I had a microwave oven that had a MOV across the 120V line ahead of
the power switch. The other side of the 120/240 20A circuit supplied
a refrigerator. The loss of the neutral applied a good part of the
240V across the MOV when the refrigerator attempted to start.

The MOV didn't last long! It would probably have been OK on the load
side of the switch.


Using a MOV to protect against loss of neutral (in the article) is
rather futile. Sustained overvoltage will rapidly kill them. Although
if the protected load was across the MOV and a fuse was ahead of both
protection may work. Would be interesting why the MOV was ahead of the
switch.


Good question. In the MW oven case, the switch was a relay controlled
by the timer circuit. It was probably easier to locate the MOV at the
line input.

I have seen cases with a "blown" MOV and the circuit protector tripped.
The MOV, if it tripped the protector, may have saved the following
circuits from the over-voltage condition for a longer period of time. I
haven't tried to calculate the conditions under which this would work.


Normal MOV failure is by high current and overheating (as below). A fuse
may provide protection. Plug-in suppressors likely use the heat as part
of the disconnect. For overvoltage, the disconnect would have to survive
the higher voltage.

I know that refrigerators should be alone on a "home run" circuit,
and neutrals shouldn't be connected with wire nuts, but that wasn't
how it was!

My only complaint with some plug-in protectors is that the MOVs are
often much too small. I've also seen some with only a line-line MOV.


As you know, MOVs lose their capacity each time a "spike" causes them to
conduct. This reduces the remaining capability to handle "surges".

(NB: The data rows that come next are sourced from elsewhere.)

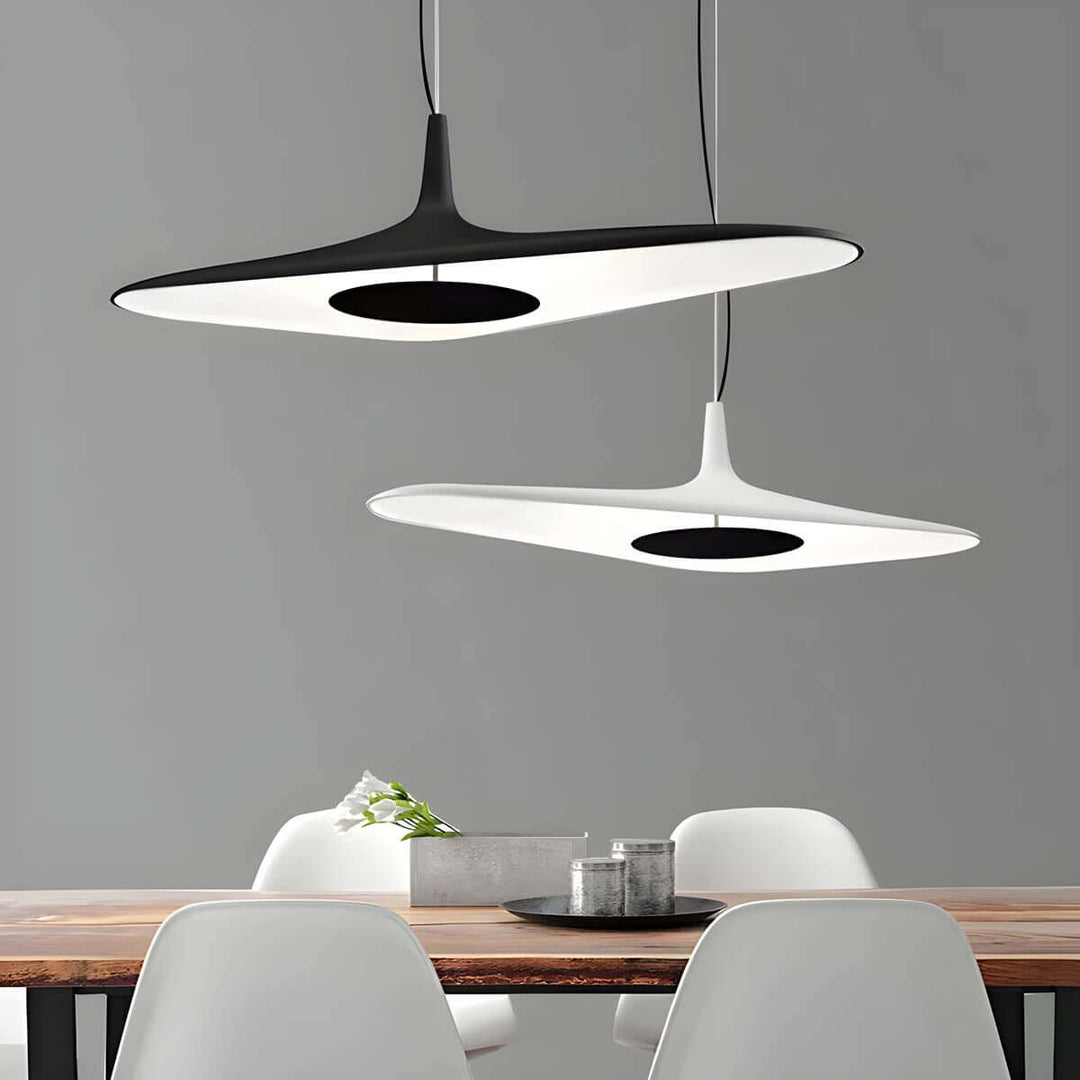 Unik loftlampe i køkken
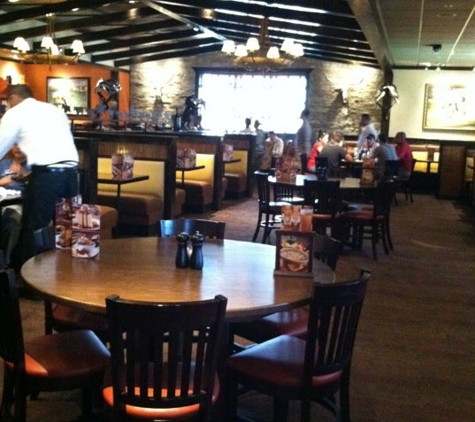 LongHorn Steakhouse - Hialeah, FL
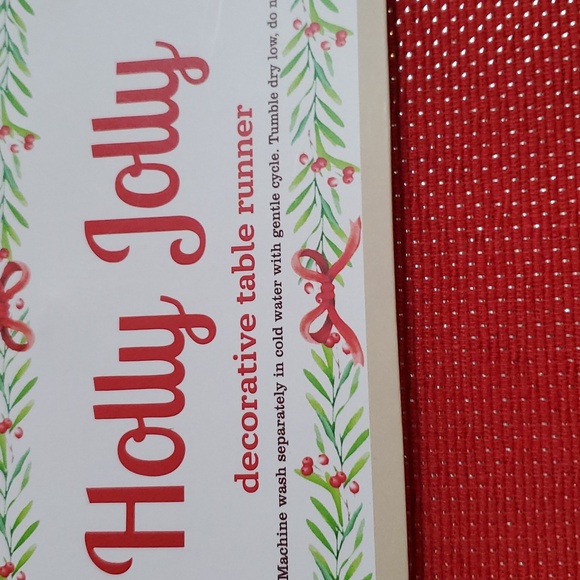 Holly Jolly Christmas Table Runner red - Picture 5 of 5
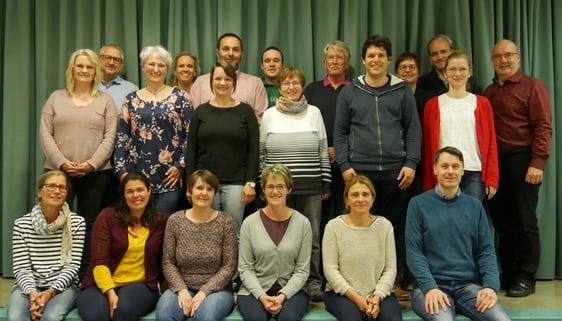 Die Mitglieder des Kirchengemeinderats Lauffen-Neckarwestheim (von links nach rechts) oben: Pfarrerin Annette Winckler-Mann, Dieter Sauer, Stefanie Wilhelm, Kirchenpflegerin Berit Frank, Peter Sautter, Anna-Lena Böhler, Tobias Mann, Elisabeth Weber, Christhard Rensch, Daniel Plaz, Pia Kemmsies, Markus Hahn (2. Vorsitzender), Michelle Buchholz, Pfarrer Gunter Bareis (1. Vorsitzender). Unten: Ulrike Lechler-Link, Iness Widmer, Dorothee Schmutz, Tina Weinert, Melanie Schmid, Pfarrer Oliver Römisch
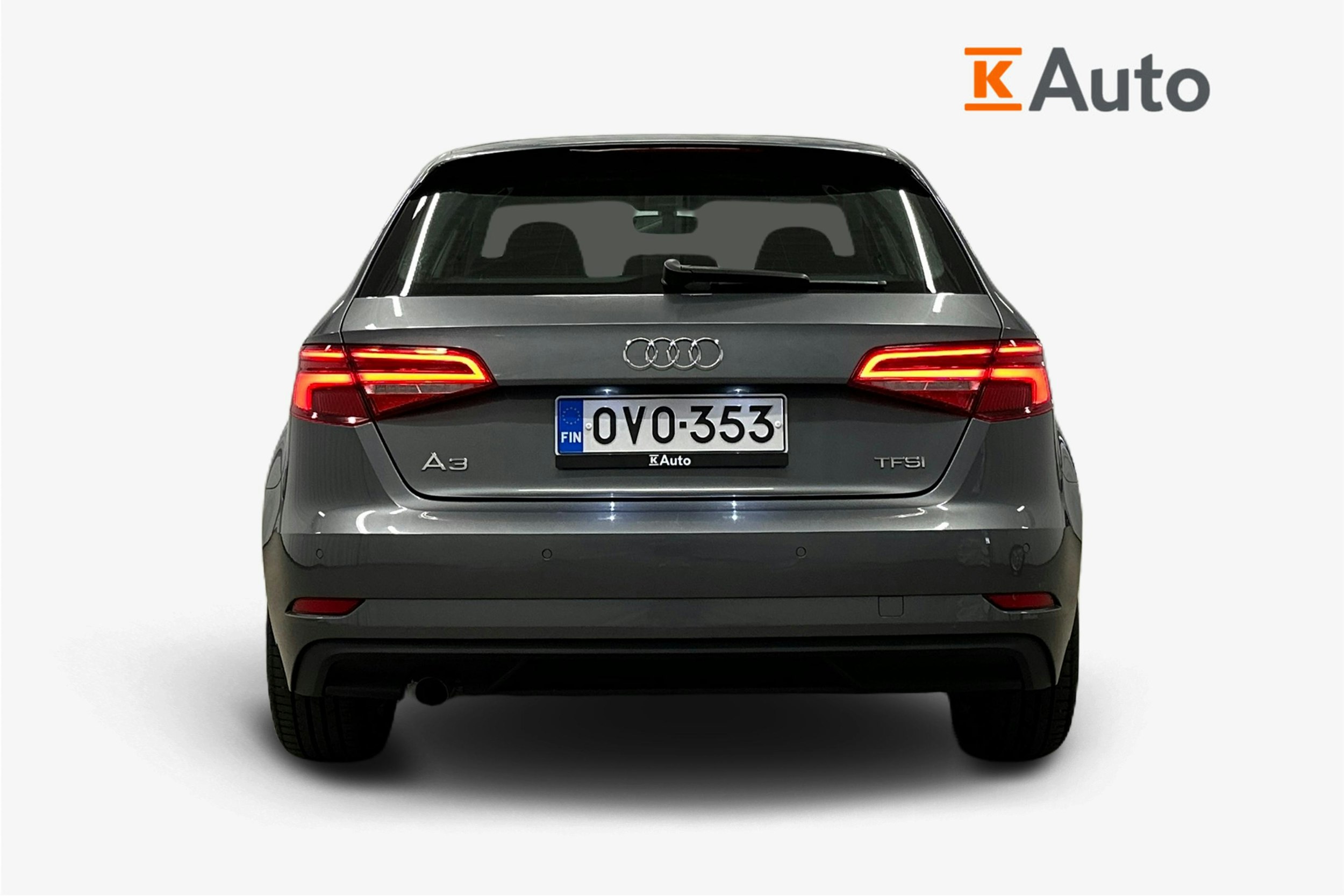 harmaa Audi A3 2017 kuva 3.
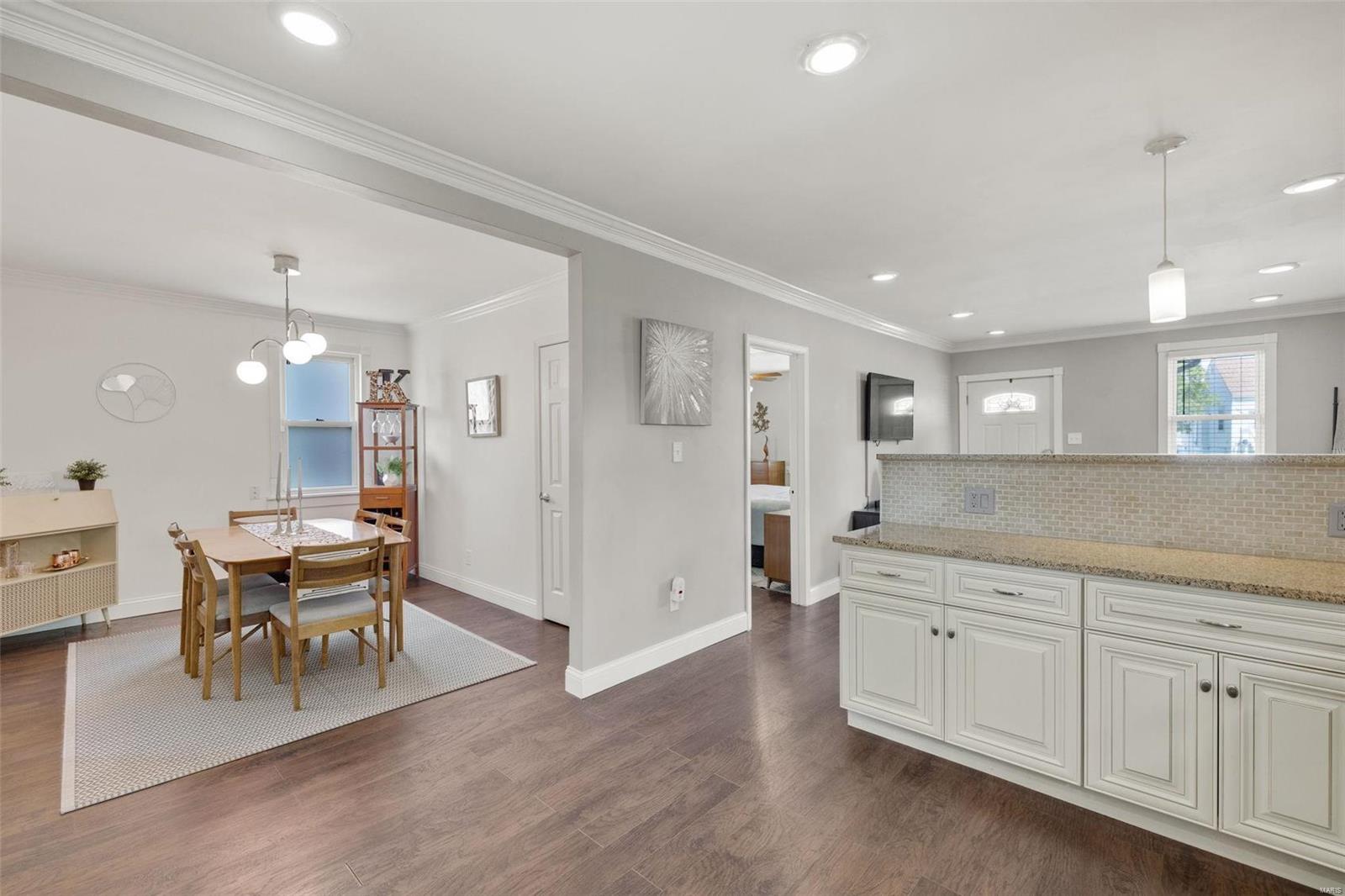 3672 Weber Road St. Louis, MO 63125 - Photo 9 of 33 Gallery Image 9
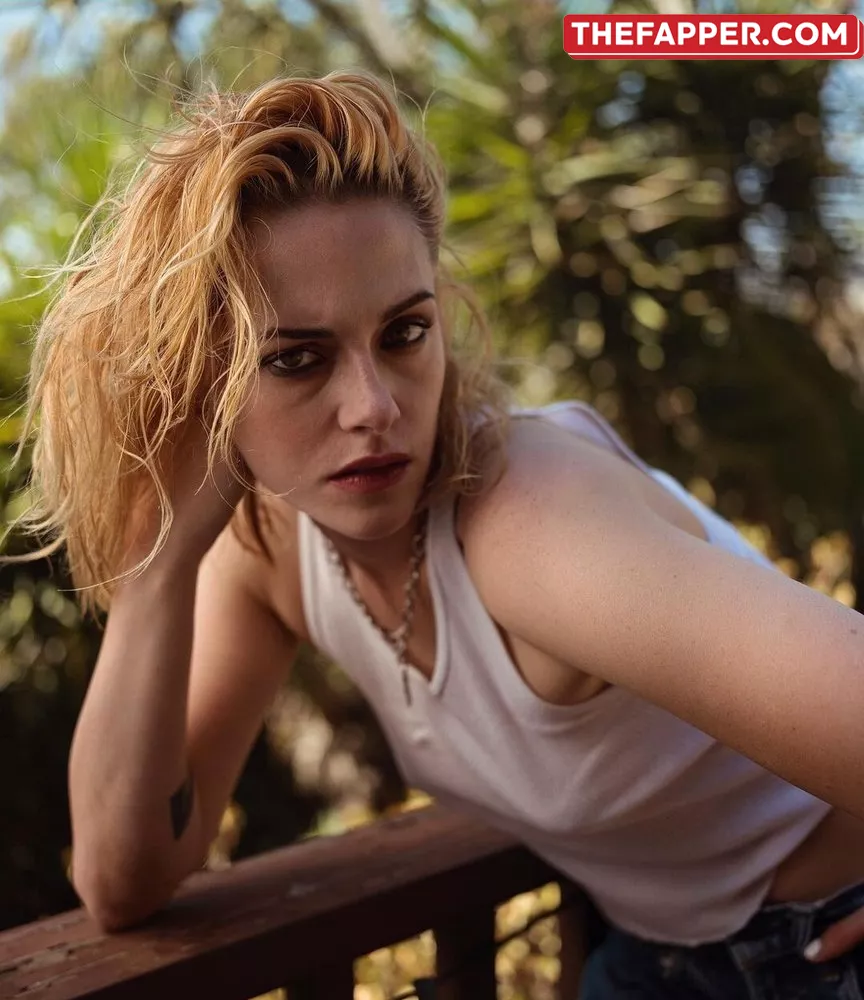 Kristen Stewart  Onlyfans Leaked Nude Image #V0snZQvYh2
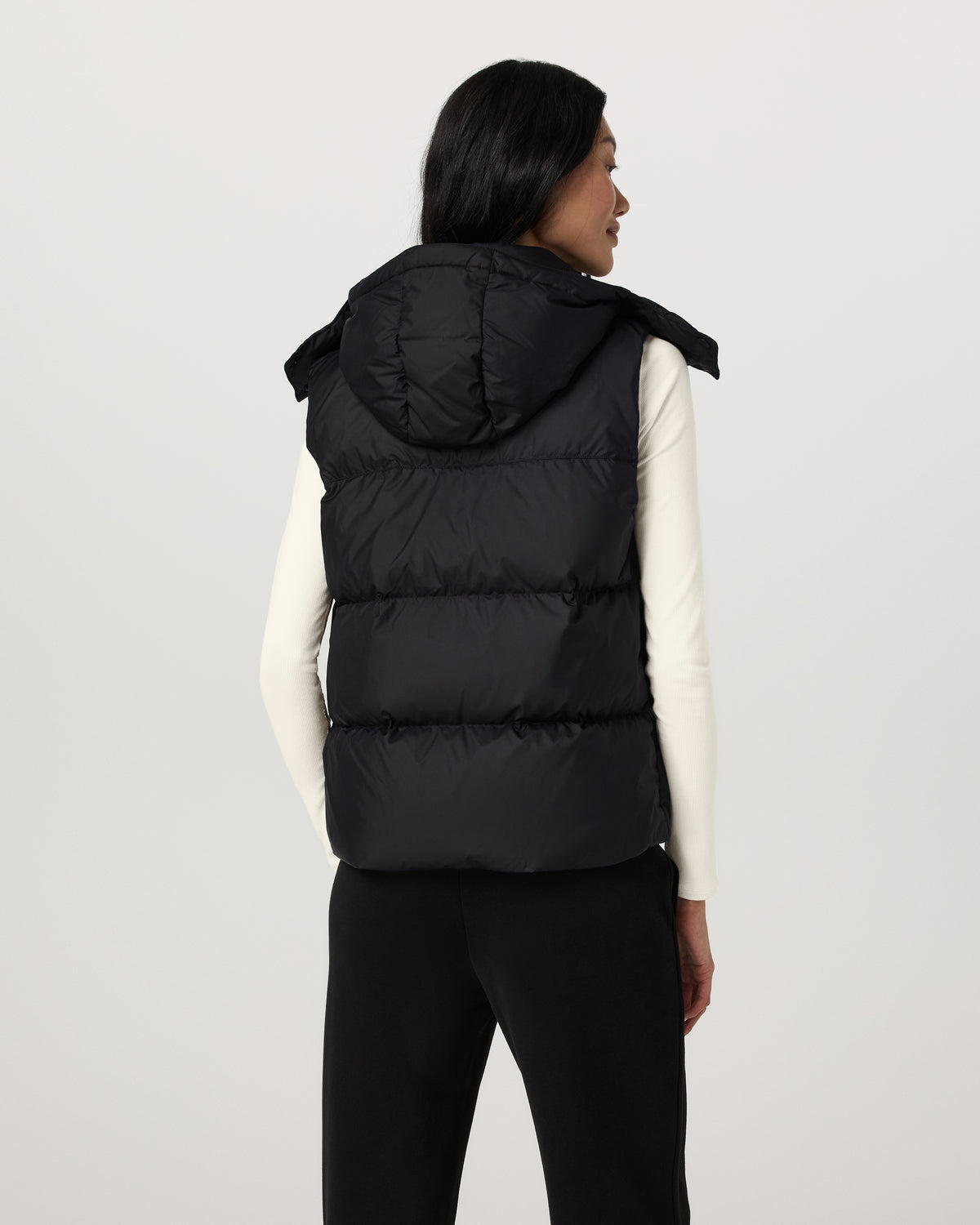 Vuori Alta Down Vest Women's Black Sleeveless Vest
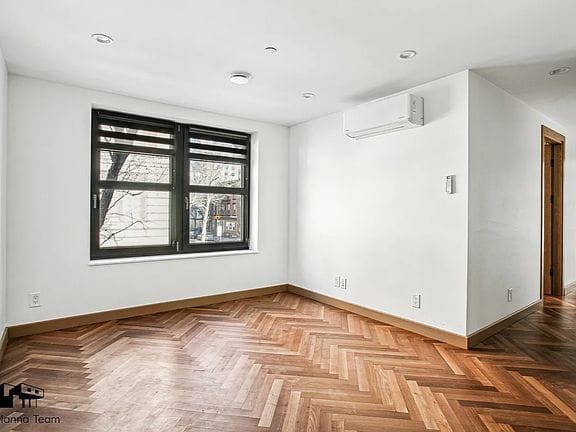 3-bedroom apartment in Williamsburg 3
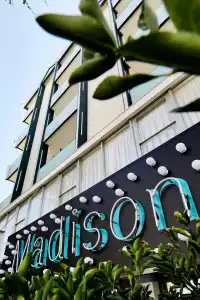 Madison - 0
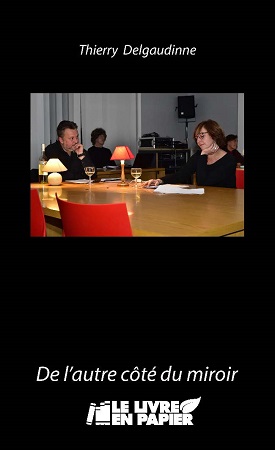 publier-un-livre.com_1042-de-l-autre-cote-du-miroir
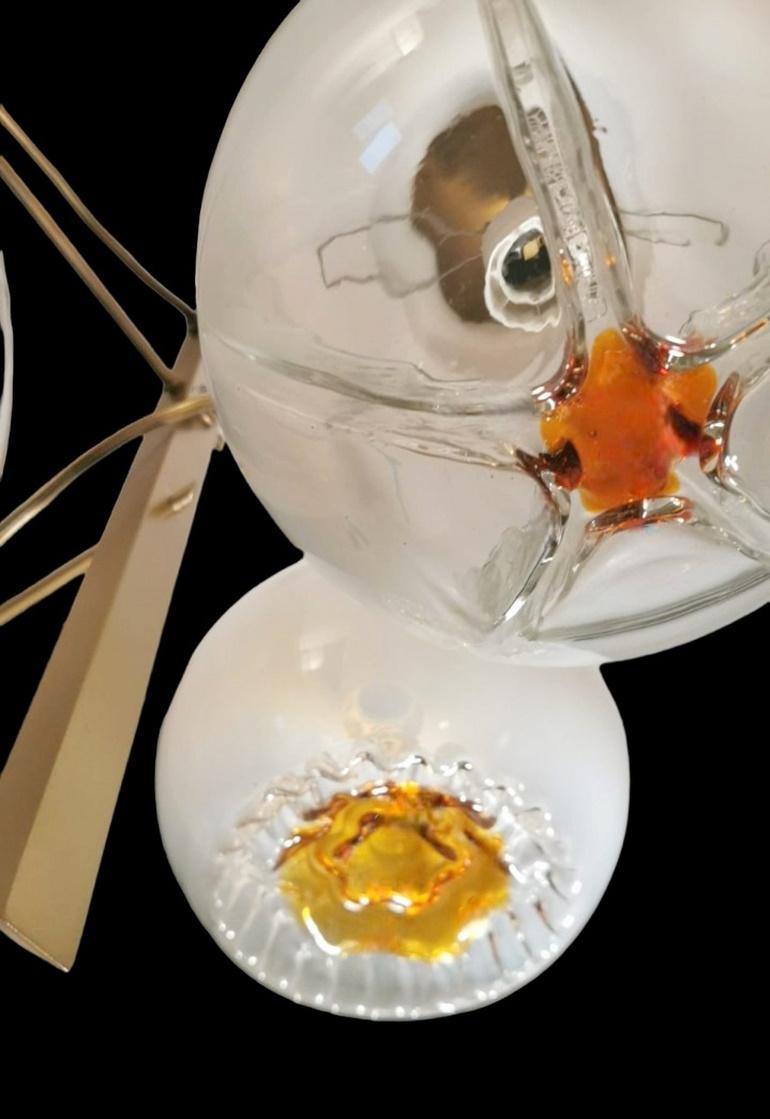 Lampadario in ottone satinato e vetro di Murano di Mazzega Attributed in vendita 6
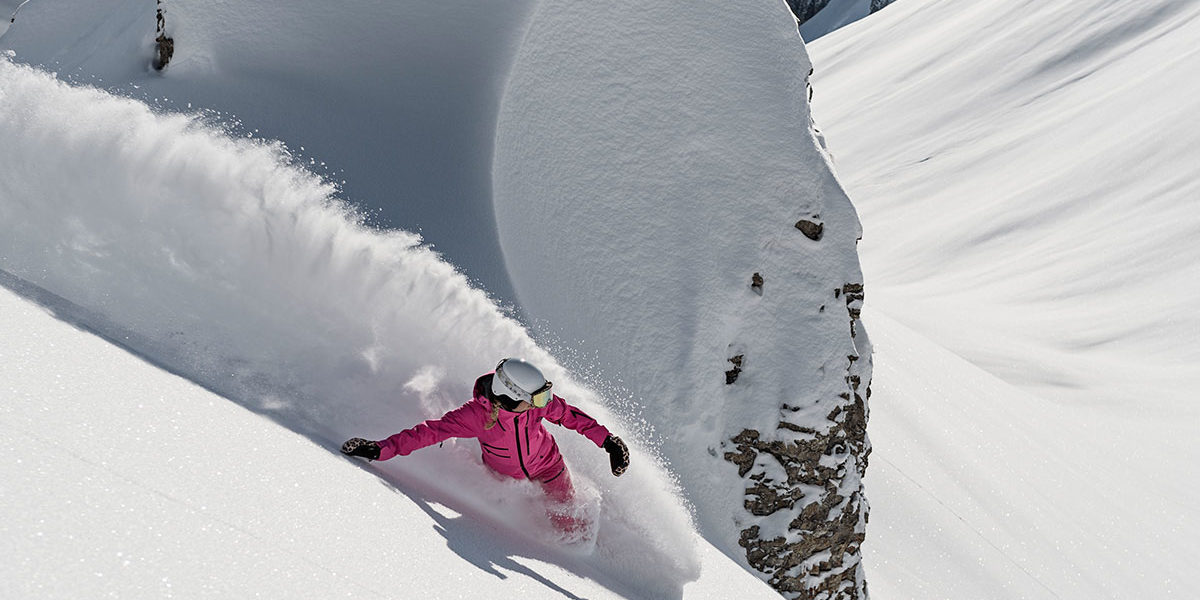 auenhuette-kleinwalsertal-snowboard-winter-pulverschnee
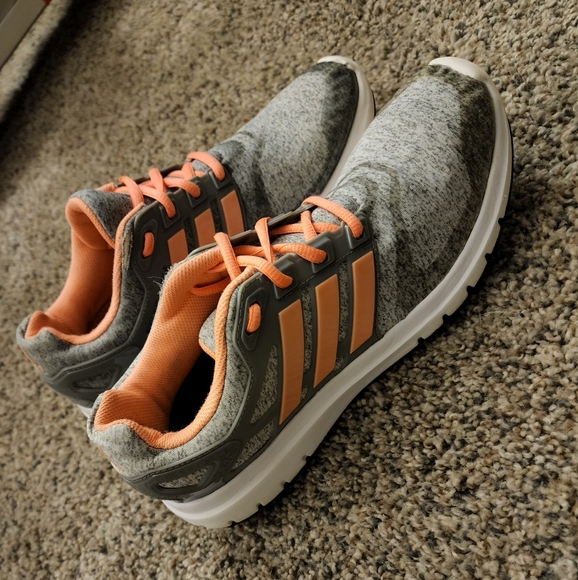 Adidas Cloudfoam - Size 10 - Picture 4 of 10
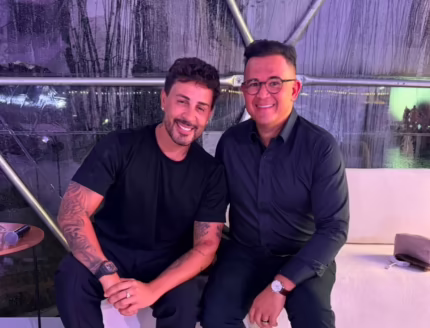 Carlinhos leva mentor para acalmar ânimos e trabalhar mentalidade dos influenciadores no “Rancho”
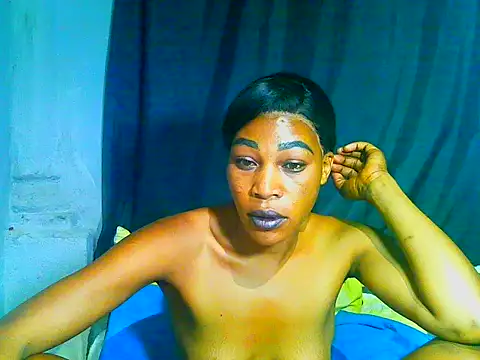 freaky_naughty live cam on StripChat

You may already know all of this -

MOVs are damaged by heat from energy dissipated in their clamping
action. The defined end of life of a MOV is when the voltage that
produces a 1mA current decreases 10%. At that point the MOV is still
clamping the voltage across it. Further dissipation continues to lower
the voltage until the MOV conducts at ‘normal’ voltages and goes into
thermal runaway. For surge suppressors, UL required protection
disconnects the MOV when it overheats. It should still be clamping at
that point.

The energy (Joule) rating is for a single event. If the individual hits
are far below the rating, the cumulative energy rating is far above the
single event rating. High ratings give longer life than you might expect.

Service panel and plug-in suppressors do not protect by absorbing
energy. But they absorb energy in the process of protecting.

I would only buy one with fairly high ratings (which are readily
available).


True, but some are marketed as "surge protected" with minimal capacity.
I've replaced the MOVs in several cheap multiple socket strips with
higher rated MOVs from Radio Shack.

UL, as far as I know, requires MOVs to be L-N, L-G, N-G. I thought
that was the standard since the start, which w_ said was 1985.


I think the UL requires only that the MOVs don't start a fire when
exposed to conditions which cause their break-down. They don't rate
their ability to function as "surge protectors".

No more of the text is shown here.